PROMPT - Type each record below again, with the same words.
[Start of Attachment]
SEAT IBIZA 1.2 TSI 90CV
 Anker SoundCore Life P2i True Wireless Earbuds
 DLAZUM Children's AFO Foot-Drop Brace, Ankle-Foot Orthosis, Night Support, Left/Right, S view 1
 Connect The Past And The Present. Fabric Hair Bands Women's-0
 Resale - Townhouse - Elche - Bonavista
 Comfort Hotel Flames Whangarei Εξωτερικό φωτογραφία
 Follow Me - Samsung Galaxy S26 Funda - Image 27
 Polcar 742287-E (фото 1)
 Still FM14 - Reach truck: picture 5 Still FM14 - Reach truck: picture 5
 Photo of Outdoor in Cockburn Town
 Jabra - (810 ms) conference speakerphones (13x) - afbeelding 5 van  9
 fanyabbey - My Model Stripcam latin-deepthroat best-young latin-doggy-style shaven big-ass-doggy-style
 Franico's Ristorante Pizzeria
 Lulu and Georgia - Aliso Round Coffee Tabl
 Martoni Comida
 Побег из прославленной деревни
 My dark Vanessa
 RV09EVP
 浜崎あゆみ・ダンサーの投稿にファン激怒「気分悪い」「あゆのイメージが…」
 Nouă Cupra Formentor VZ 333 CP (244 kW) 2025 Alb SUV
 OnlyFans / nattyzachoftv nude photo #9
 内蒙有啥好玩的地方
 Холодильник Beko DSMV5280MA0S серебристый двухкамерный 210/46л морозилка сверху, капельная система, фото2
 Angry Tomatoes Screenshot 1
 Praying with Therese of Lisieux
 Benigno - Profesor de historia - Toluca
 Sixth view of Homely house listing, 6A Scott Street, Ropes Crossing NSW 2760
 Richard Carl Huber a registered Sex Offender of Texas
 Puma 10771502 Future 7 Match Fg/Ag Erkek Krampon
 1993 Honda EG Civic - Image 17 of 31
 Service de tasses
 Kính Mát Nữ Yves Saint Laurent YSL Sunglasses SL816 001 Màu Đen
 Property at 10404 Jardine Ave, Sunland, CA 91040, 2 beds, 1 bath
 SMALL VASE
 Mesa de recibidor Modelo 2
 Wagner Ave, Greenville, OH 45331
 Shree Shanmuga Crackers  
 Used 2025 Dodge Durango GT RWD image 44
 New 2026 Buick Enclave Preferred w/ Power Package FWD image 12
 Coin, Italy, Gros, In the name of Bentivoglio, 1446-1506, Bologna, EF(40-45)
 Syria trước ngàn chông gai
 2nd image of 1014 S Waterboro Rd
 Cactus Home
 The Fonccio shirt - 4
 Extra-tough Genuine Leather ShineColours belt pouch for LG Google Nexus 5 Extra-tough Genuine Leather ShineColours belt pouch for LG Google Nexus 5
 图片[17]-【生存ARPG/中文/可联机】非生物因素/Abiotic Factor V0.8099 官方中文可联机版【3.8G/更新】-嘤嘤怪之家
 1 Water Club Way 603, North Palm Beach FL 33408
[End of Attachment]
EXERCISE SOLUTION -
SEAT IBIZA 1.2 TSI 90CV
 Anker SoundCore Life P2i True Wireless Earbuds
 DLAZUM Children's AFO Foot-Drop Brace, Ankle-Foot Orthosis, Night Support, Left/Right, S view 1
 Connect The Past And The Present. Fabric Hair Bands Women's-0
 Resale - Townhouse - Elche - Bonavista
 Comfort Hotel Flames Whangarei Εξωτερικό φωτογραφία
 Follow Me - Samsung Galaxy S26 Funda - Image 27
 Polcar 742287-E (фото 1)
 Still FM14 - Reach truck: picture 5 Still FM14 - Reach truck: picture 5
 Photo of Outdoor in Cockburn Town
 Jabra - (810 ms) conference speakerphones (13x) - afbeelding 5 van  9
 fanyabbey - My Model Stripcam latin-deepthroat best-young latin-doggy-style shaven big-ass-doggy-style
 Franico's Ristorante Pizzeria
 Lulu and Georgia - Aliso Round Coffee Tabl
 Martoni Comida
 Побег из прославленной деревни
 My dark Vanessa
 RV09EVP
 浜崎あゆみ・ダンサーの投稿にファン激怒「気分悪い」「あゆのイメージが…」
 Nouă Cupra Formentor VZ 333 CP (244 kW) 2025 Alb SUV
 OnlyFans / nattyzachoftv nude photo #9
 内蒙有啥好玩的地方
 Холодильник Beko DSMV5280MA0S серебристый двухкамерный 210/46л морозилка сверху, капельная система, фото2
 Angry Tomatoes Screenshot 1
 Praying with Therese of Lisieux
 Benigno - Profesor de historia - Toluca
 Sixth view of Homely house listing, 6A Scott Street, Ropes Crossing NSW 2760
 Richard Carl Huber a registered Sex Offender of Texas
 Puma 10771502 Future 7 Match Fg/Ag Erkek Krampon
 1993 Honda EG Civic - Image 17 of 31
 Service de tasses
 Kính Mát Nữ Yves Saint Laurent YSL Sunglasses SL816 001 Màu Đen
 Property at 10404 Jardine Ave, Sunland, CA 91040, 2 beds, 1 bath
 SMALL VASE
 Mesa de recibidor Modelo 2
 Wagner Ave, Greenville, OH 45331
 Shree Shanmuga Crackers  
 Used 2025 Dodge Durango GT RWD image 44
 New 2026 Buick Enclave Preferred w/ Power Package FWD image 12
 Coin, Italy, Gros, In the name of Bentivoglio, 1446-1506, Bologna, EF(40-45)
 Syria trước ngàn chông gai
 2nd image of 1014 S Waterboro Rd
 Cactus Home
 The Fonccio shirt - 4
 Extra-tough Genuine Leather ShineColours belt pouch for LG Google Nexus 5 Extra-tough Genuine Leather ShineColours belt pouch for LG Google Nexus 5
 图片[17]-【生存ARPG/中文/可联机】非生物因素/Abiotic Factor V0.8099 官方中文可联机版【3.8G/更新】-嘤嘤怪之家
 1 Water Club Way 603, North Palm Beach FL 33408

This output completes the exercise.